• Requirement
Lines before the one holding "Some Bunny Easter" are not wanted. Please copy that line and everything after it to the end of the records, exactly, skipping pictures.

• Listed entries
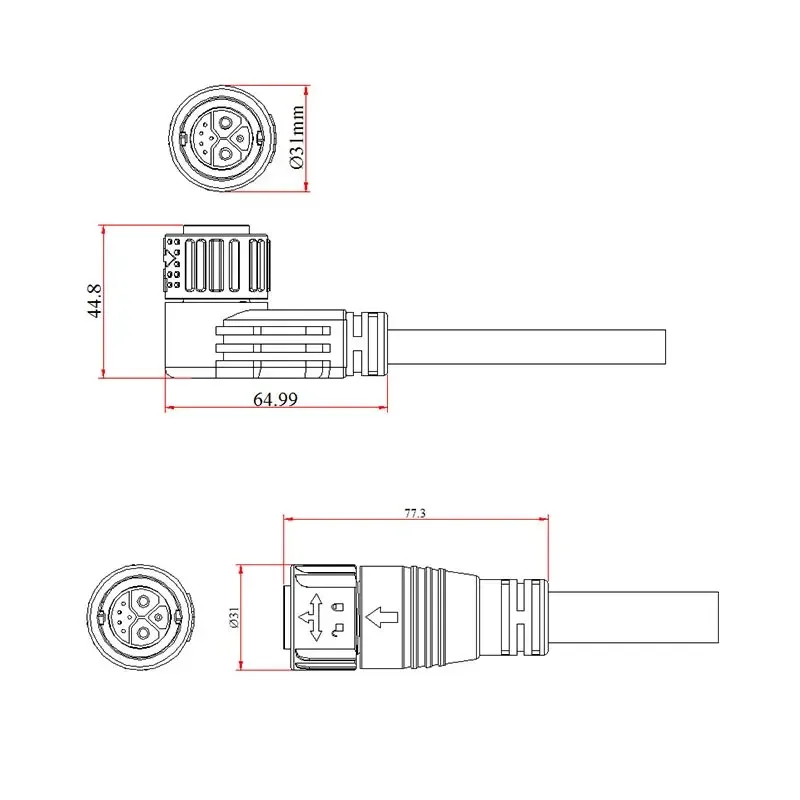 IP67 50A 2 + 1 + 5 Cable de puerto de carga de motocicleta eléctrica M23 Cable conector de batería de litio para bicicleta eléctrica enchufe macho hembra de 8 pines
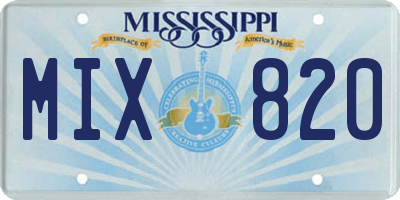 MS license plate MIX820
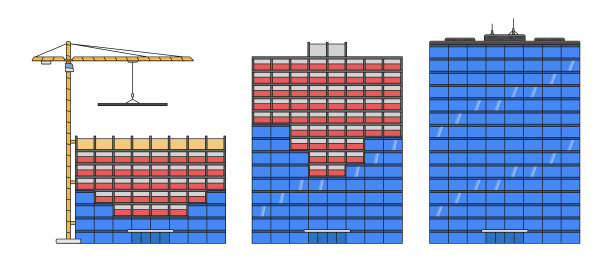 玻璃现代写字楼摩天楼吊车施工阶段设置卡通风格向量平面插图图片下载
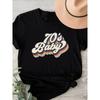 Women's Retro Graphic Print Casual T-Shirt Black Round Neck Short Sleeve Tee Activewear for Summer Top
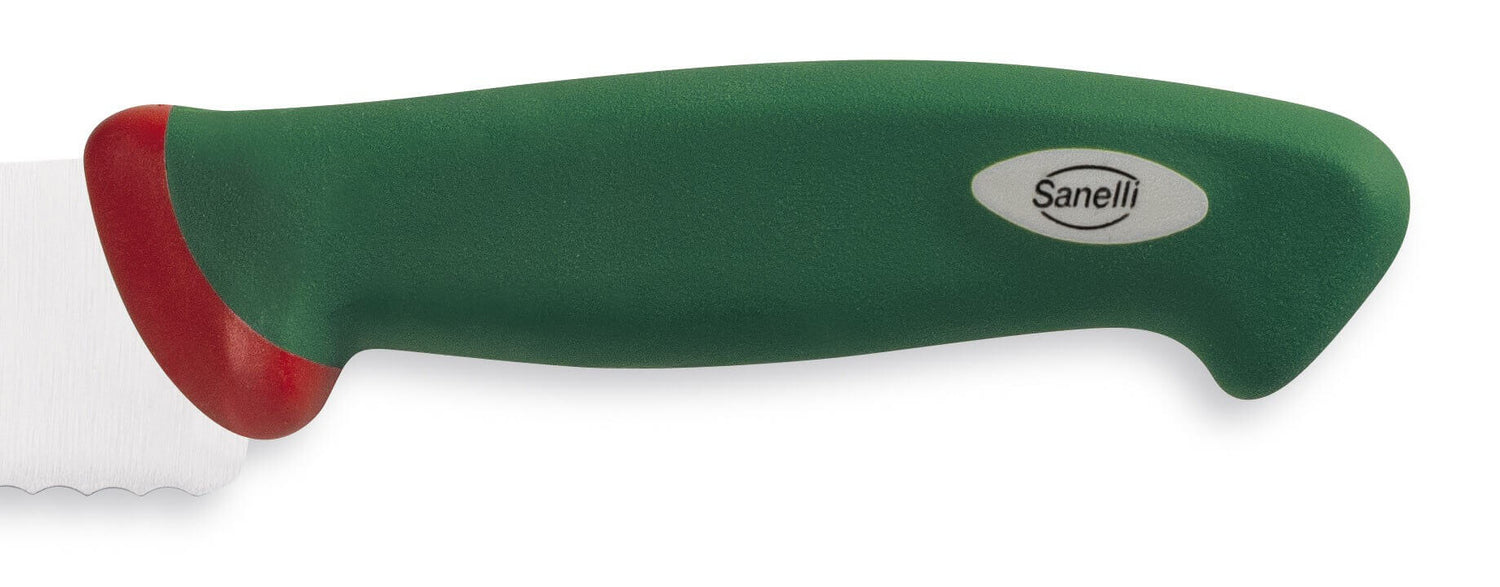 Couteau à génoise professionnel SANELLI Premana lame dentelée 26cm manche vert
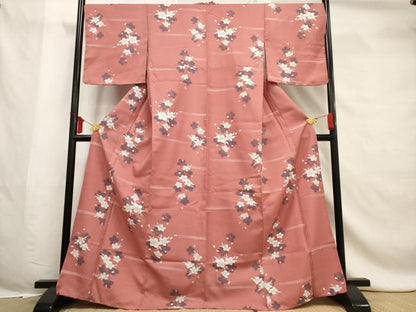 平和屋着物■小紋 舞桜文 洗える着物 AABF6706br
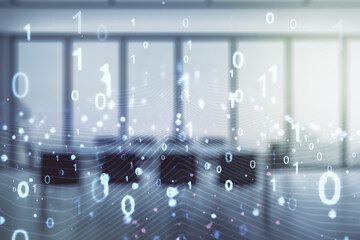 Aufkleber - Abstract virtual binary code illustration on a modern conference room background. Big data and coding concept. Multiexposure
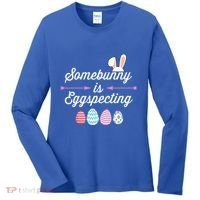 Some Bunny Easter Pregnancy Announcet For Expecting Mom Great Gift Women's Long Sleeve Shirt thumb 0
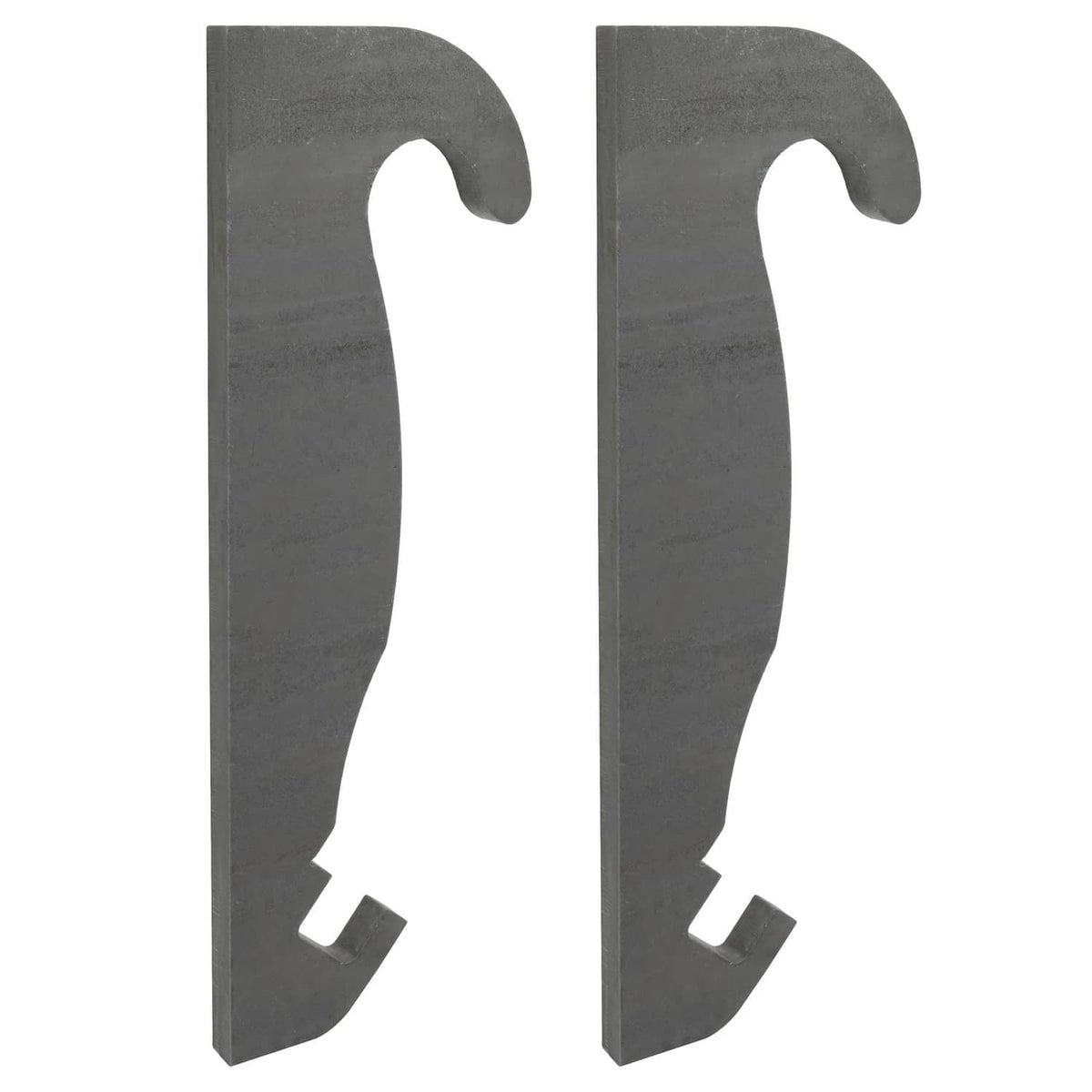 Two dark gray steel quick-attach brackets with curved top hooks and notch at bottom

• Solution to this task
 Some Bunny Easter Pregnancy Announcet For Expecting Mom Great Gift Women's Long Sleeve Shirt thumb 0
 Two dark gray steel quick-attach brackets with curved top hooks and notch at bottom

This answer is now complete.